So if you were to choose the GUI or both access methods on your API user, we will be resetting that password every 90 days, and you have to set a new one. Not always ideal if you have to go through an update, lots of servers to respond to that password update. So in here is where you would create, or you can have your user Bandwidth account manager create UA user. But this is where you would create a new API user in this account users page here, and we’ll be using that to access the voice API, as well as the phone numbers API.

Messaging is a bit different, and it uses the Bandwidth Token and Secret paradigm. So if you head to the applications page here, you have your application types on this new application. If you look at this little blob right here, and I switch from voice to messaging, the URIs change. So I want to be sure that I’m on the messaging application type.

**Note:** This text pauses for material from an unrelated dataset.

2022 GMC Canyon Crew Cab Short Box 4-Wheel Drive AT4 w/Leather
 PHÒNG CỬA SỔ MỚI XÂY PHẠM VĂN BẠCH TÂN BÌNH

And then I’m going to select my API credentials, and you’ll start to see this token in secret pair. I’ve already generated a token secret pair for myself and have it saved my environment variables. But I’ll just go through that again, and I click this Create new. You’ll get two token or a token and a secret pair.

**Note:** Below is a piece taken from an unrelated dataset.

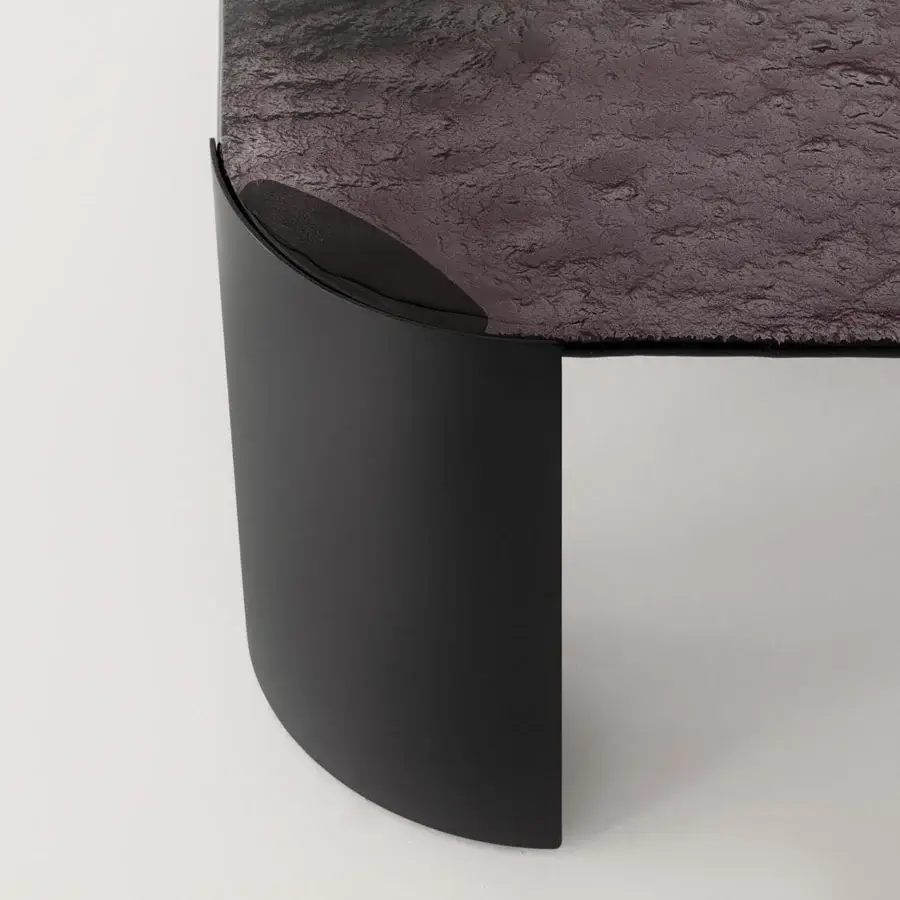 Elegant Cierre1972 Riviera coffee table with textured glass in brown or gray and dark matte curved support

Again, I copy-paste button– or not paste– but copy buttons for you there. One thing that you’ll note is that all of my previous secrets are no longer visible. They are only visible to you once, and that’s on the screen. So once you close the screen, it’s gone. No one can recover that for you. So Bandwidth, we can’t even see what they are after at this point when they’re generated, so be sure to copy and save these off to the side somewhere and take a note as to what token is related to what user.

You can perhaps have multiple tokens and secrets prepares for multiple developers developing against Bandwidth at your companies. So I’m going to delete this now since it’s been exposed, and I don’t want anyone to hack me or crack them into my account and close that. Let’s take a little bit look at our applications.

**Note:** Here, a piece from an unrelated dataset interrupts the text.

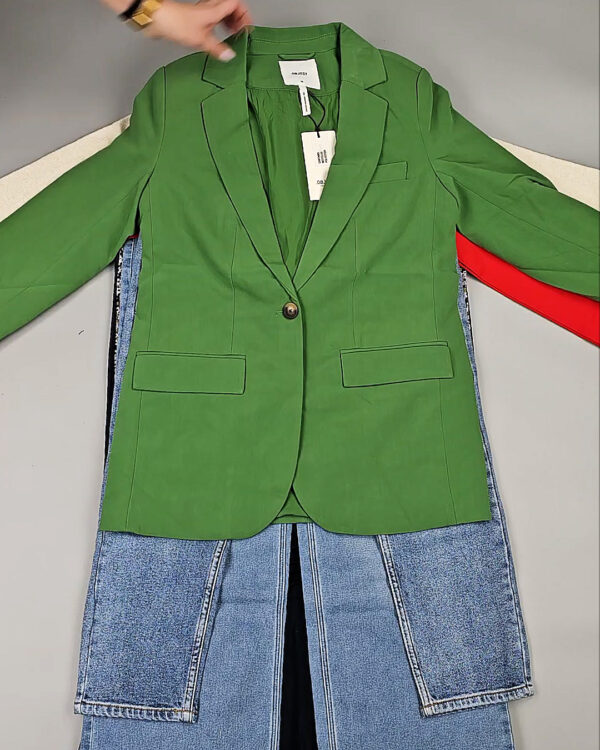 Фотография  691 - DK+Bestseller 085#16 кг, ЛОТ СТ-9952 оптом в Благовещенске и Амурской области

I already have two created for myself, but I can show you how to build this out. Specifically for messaging, I would grab my ngrok URL, or this is your publicly addressable URL. I need to set my paths to call back messaging and get rid of the double slash. And if I read correctly, that’s actually my callback URL, and the application name will be PHP messaging.

And then, when I create that application it’s going to generate an application ID for me. I need to copy that and be sure to save that as well. You’re going to need this every single time we create a text message for you to just head to the documentation. I can show you an idea of what that would look like. We’ll just go to HTTP, so we could see the raw request.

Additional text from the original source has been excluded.